She canceled the eviction notice and wrote a cheque to Wettlaufer for $2,500. In August 2011, she declined Wettlaufer's request to co-sign a loan to buy a commercial truck but agreed to buy it herself and then lease it to him for $1,000 per month. She subsequently bought the truck that became the centre of the dispute for $92,500 from a Prince George dealership.

Then, in early fall 2011, she bought a pickup truck for Wettlaufer with the thought that he could sell his own pickup and repay some of the debt owed to her and her business. Wattlaufer never made any payments and some months later the pickup was stolen with the insurance proceeds paid directly to Holat's business.

Holat also secured a corporate fuel card for the commercial truck and Wettlaufer ran up $43,669 against the account over the next four months.

On the last day of 2011, Wettlaufer went into an insurance agent and through a transfer-tax form became the truck's registered owner. In an amended notice of civil claim, Hotlat alleged Wettlaufer forged Holat's signature on the document to fraudulently obtain an owner's certificate of insurance and a vehicle licence naming him the owner.

Wettlaufer initially told police he had seen Holat sign the transfer-tax form but when he learned a handwriting expert concluded the signature was not Holat's, he changed his story, Funt noted, and said he did not see Holat sign the paper.

In the first week of January 2012, Stuart Raymond Robinson saw the truck for sale for $65,000 on a popular internet website and flew from Vancouver to Prince George to make the purchase.

Holat never challenged the purchase price, Funt noted. "In other words, the price was not so low as to place Mr. Robson on notice of Wettlaufer's forgery or other irregularities," Funt said.

However, Funt ordered Robson return the truck to Holat.
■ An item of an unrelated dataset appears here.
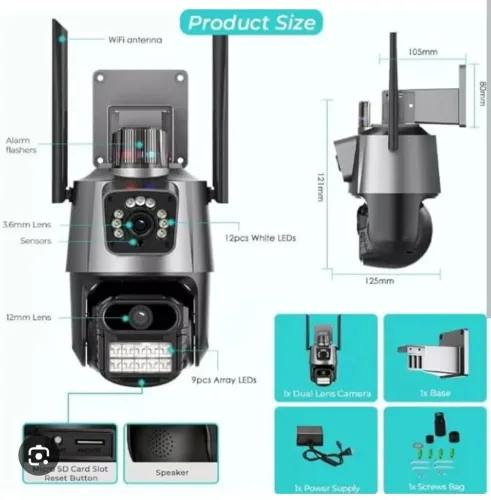 Camera de segurança  mais moderna y11 ( entrego)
Under cross examination, Robson said he obtained a lien search from his bank but received no information regarding who was the lawful owner and relied on the owner's certificate Wettlaufer had shown him to answer that question.

"In other words, there was no evidence to support that any search involved the confirmation of a valid chain of title," Funt said and noted that during cross examination, Robson "conceded that internet websites may be used by unscrupulous people, although 'that was not in front of his mind.'"

Funt dismissed Wettlaufer's claim Holat had given him the truck and said God wanted him to have it, in part because she never had it registered in his name when it was first purchased.

Wettlaufer also claimed Holat made sexual advances to him that were distressing but when pressed by her lawyer, Mitch Houg, he could not explain why he did not repel any of the alleged advances or report them to police

During a police interview, Wettlaufer reported only one alleged instance and his tone of voice "reflected no emotional distress or vulnerability," Funt said in dismissing that aspect of Wettlaufer's claim.

Wettlaufer was ordered to pay Holat back the $2,500 loan, $6,000 for six months of lease payments, the $43,669 in fuel charges, plus $10,000 in punitive damages and $2,500 in special costs, adding up to $64,669.